I'm thinking about doing it along with a new oil strainer..


----------



## rustyintegrale (Oct 1, 2006)

JAAYDE said:


> After talking to my local dealer about when i should change my oil pump they said not to unless it fail but is that a good idea? I feel like i'm treading on egg shells after 5 years of many miles.
> 
> I'm thinking about doing it along with a new oil strainer..


I know the feeling. Typical of a dealer to suggest you replace it after it fails, by which time he'll be invoicing you for a whole new engine... :?

From conversations I've had with APS it seems the best maintenance for oil pumps is regular quality oil changes and a keen eye on oil temperature...

Until I'd had that chat I was all set to fit an oil pressure gauge but now it'll be an oil temperature gauge, although how I'm supposed to cool the oil if it runs too hot is beyond me...

Cheers

Rich


----------



## JAAYDE (Aug 15, 2006)

Um i agree..

Well you can fit an oil cooler where a SMIC used to sit..(with a thermostat)

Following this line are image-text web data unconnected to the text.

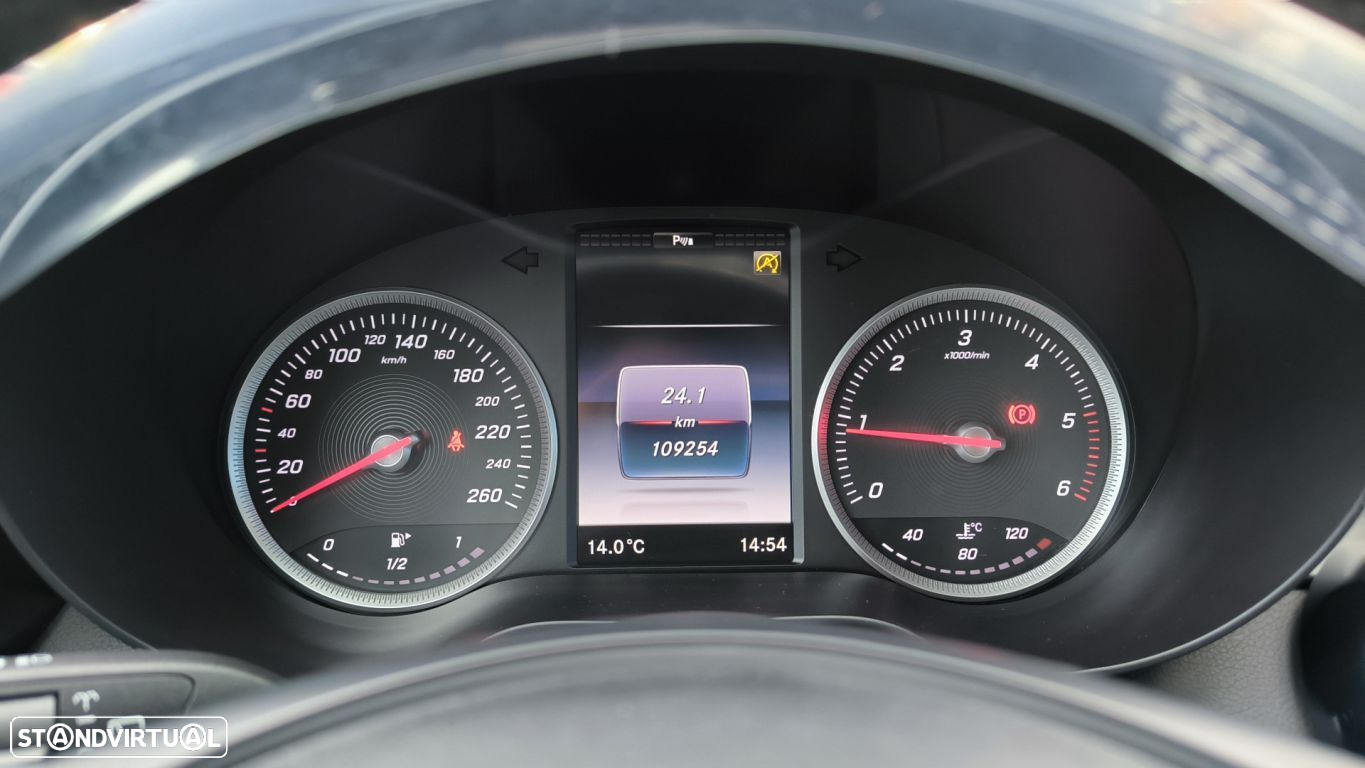 Mercedes-Benz C 180 BlueTEC Exclusive - 8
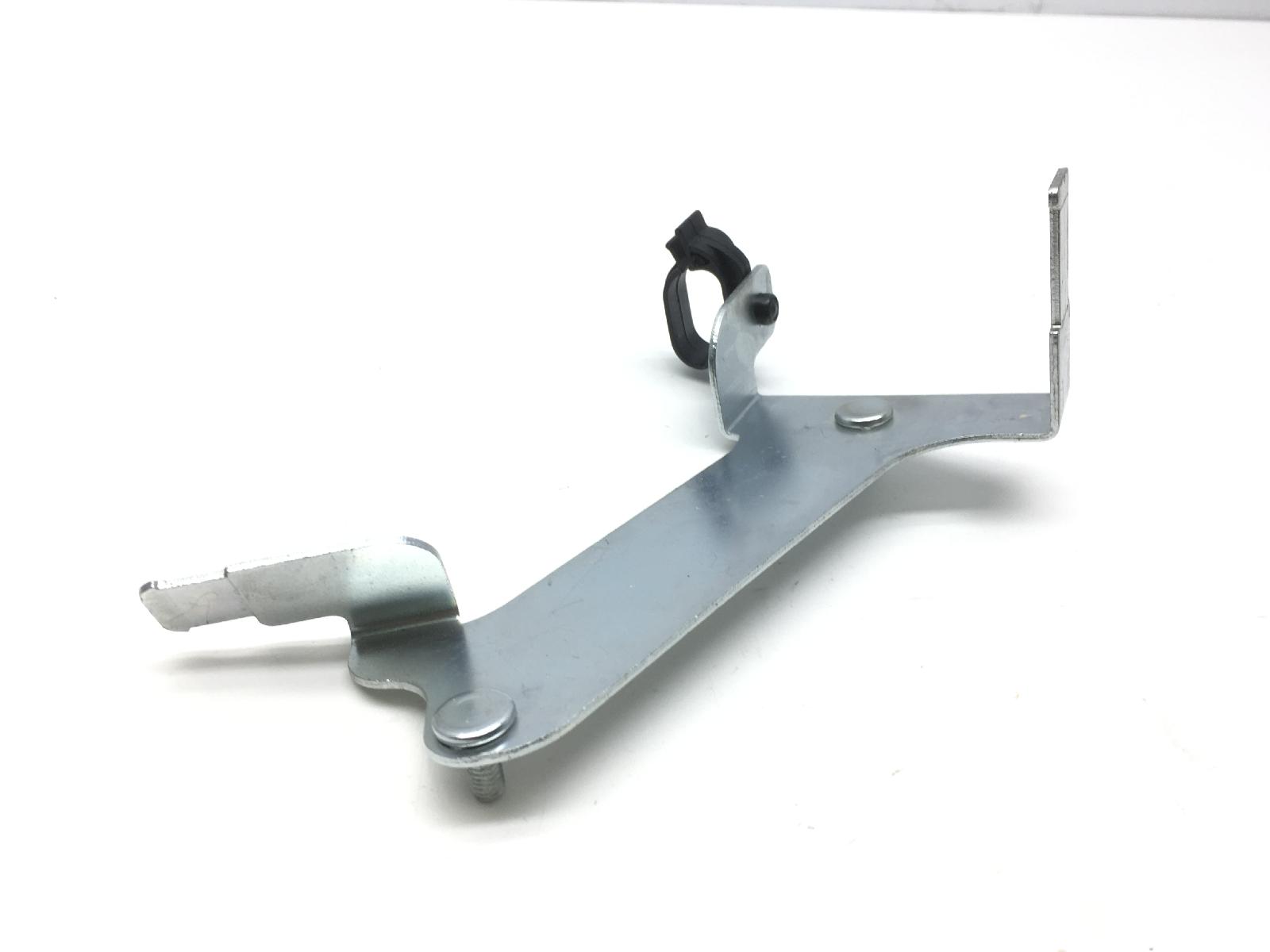 Piaggio vespa gts hpe abs km0 300 staffa supporto filtro vapori canister 2020 2020 md310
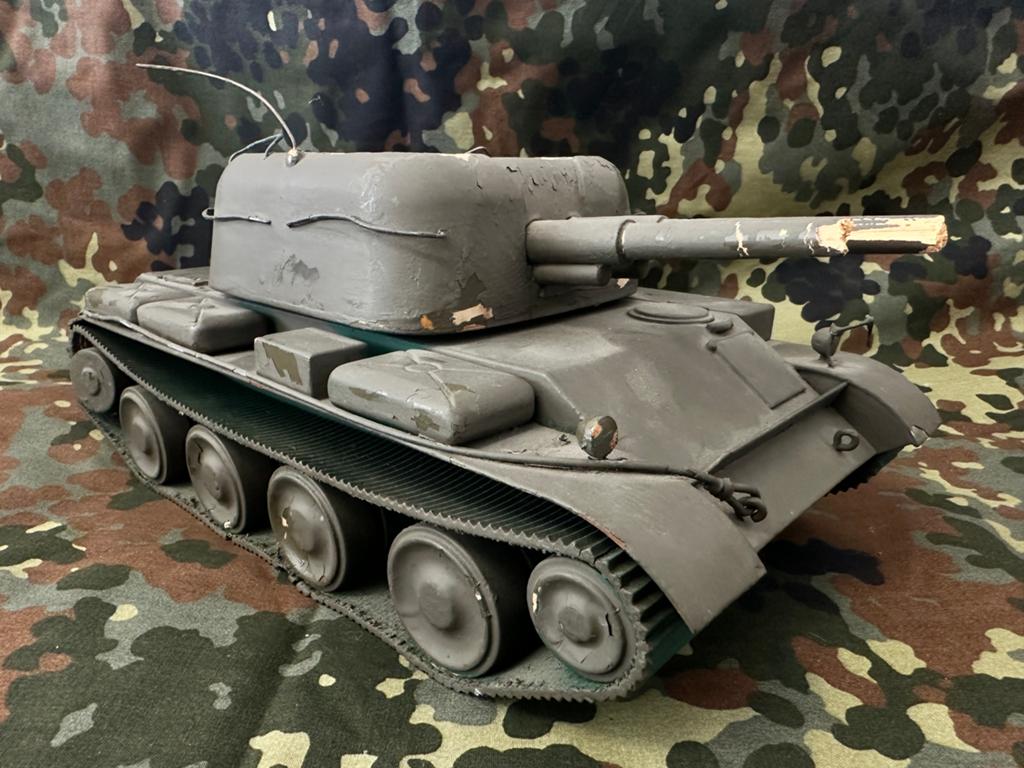 Grote massief houten Russische ZSU-57-2 tank koude oorlog, Ophalen of Verzenden, Luchtmacht, Overige gebieden, Overige typen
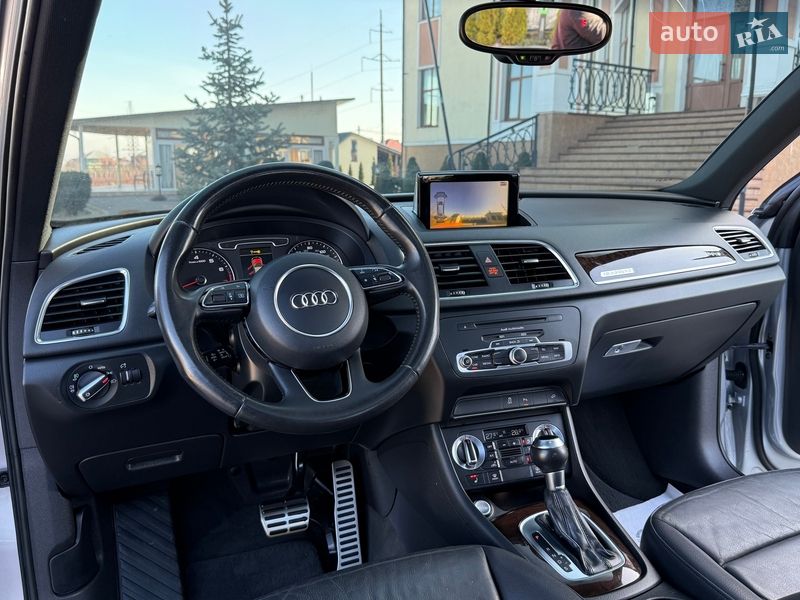 Внедорожник / Кроссовер Audi Q3 2015 в Дрогобыче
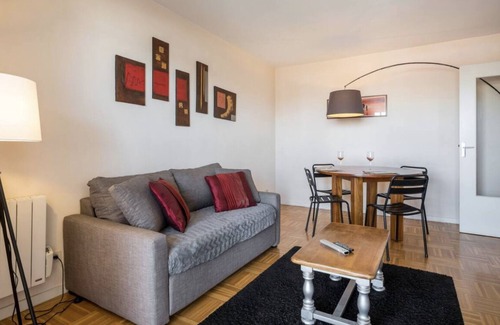 8th Arrondissement Apartment | The Maryse Monplaisir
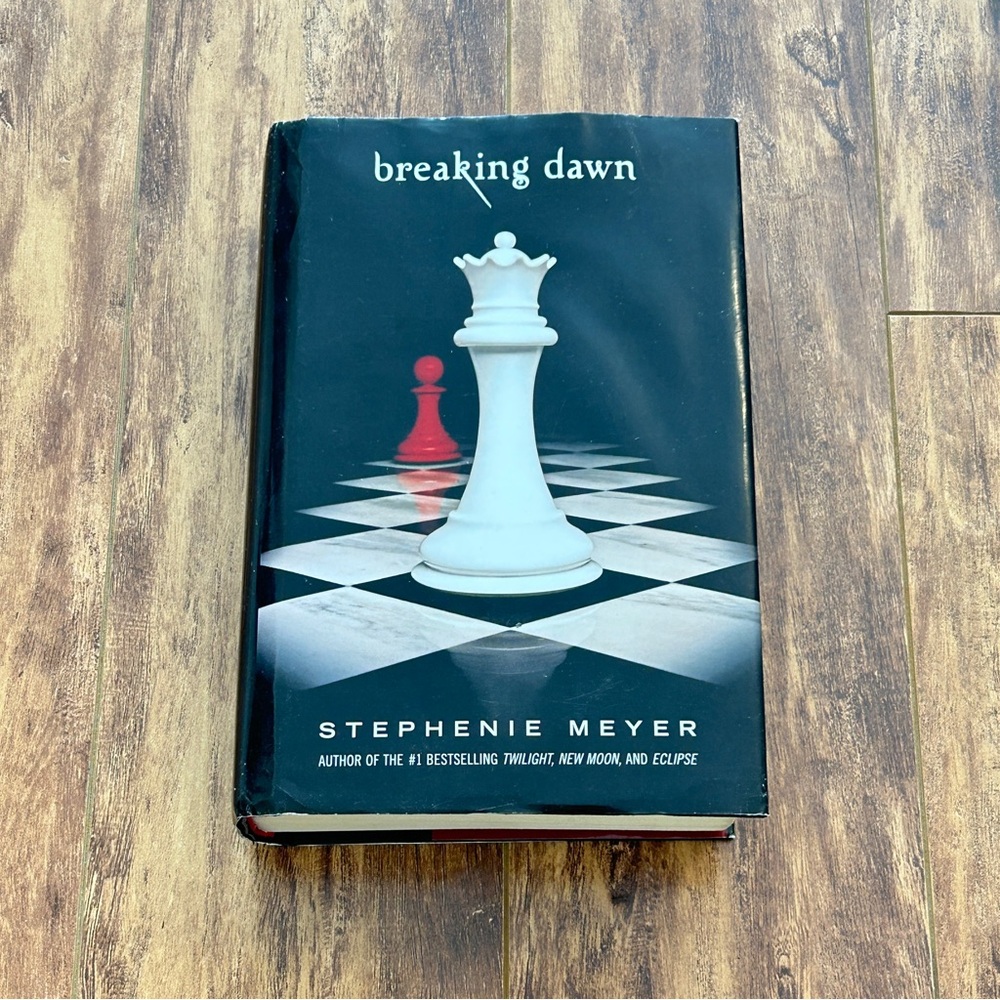 Breaking Dawn Twilight book 4 four Stephenie Meyer vampire novel romantasy Bella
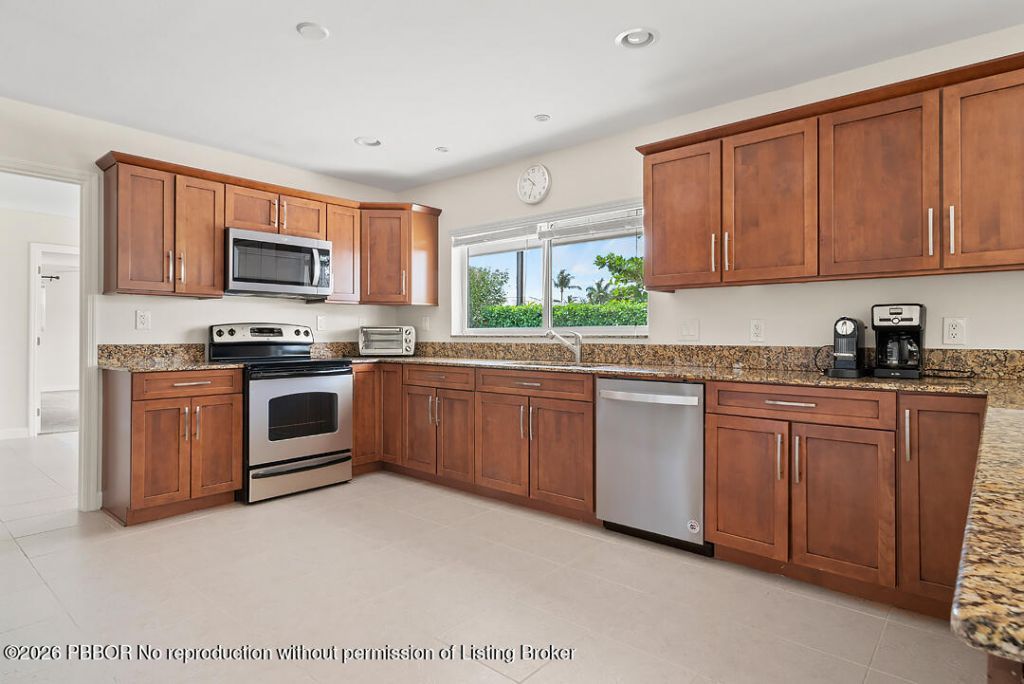 260 E Lakewood Road, West Palm Beach, FL 33405 Photo
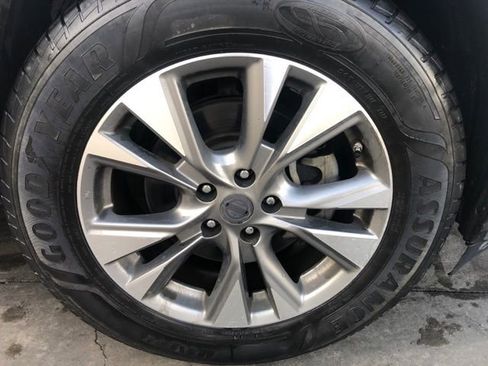 Used 2018 Nissan Murano SV image 17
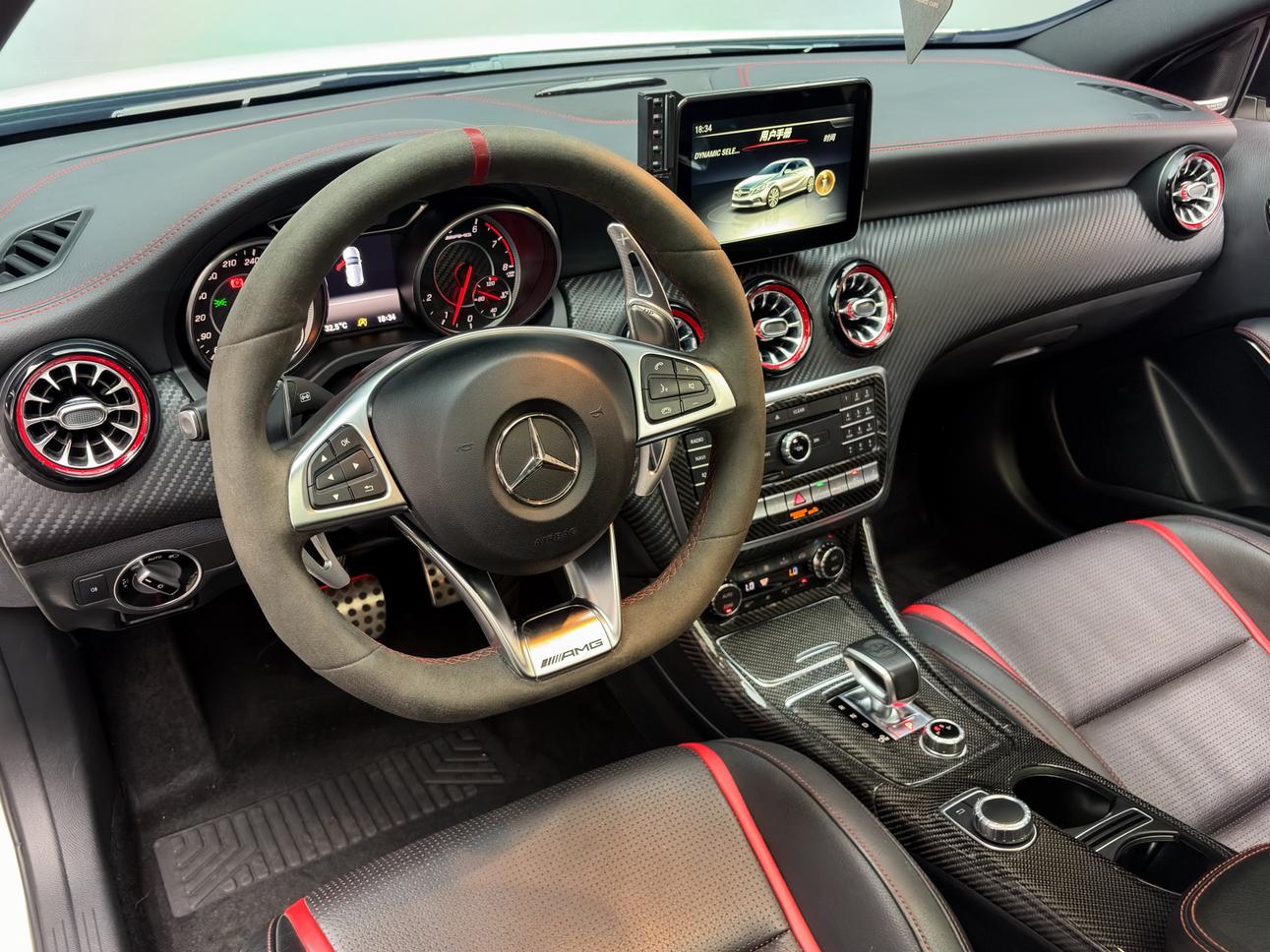 Mercedes-Benz A-Класс 2017 thumb 10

But i'm wondering while the engine will be in bits in a while, might be worth replacing but you know what will happen i'll replace it and the new unit will be faulty.

:?


----------



## conlechi (May 6, 2006)

JAAYDE said:


> Um i agree..
> 
> Well you can fit an oil cooler where a SMIC used to sit..(with a thermostat)
> 
> ...


 I would change it for a new one Jay while the engine is in bits


----------



## Kegman (Aug 4, 2007)

dont wait,,,,mine went about 3 weeks ago,,,,,,its not nice !!!


----------



## JAAYDE (Aug 15, 2006)

Kegman said:


> dont wait,,,,mine went about 3 weeks ago,,,,,,its not nice !!!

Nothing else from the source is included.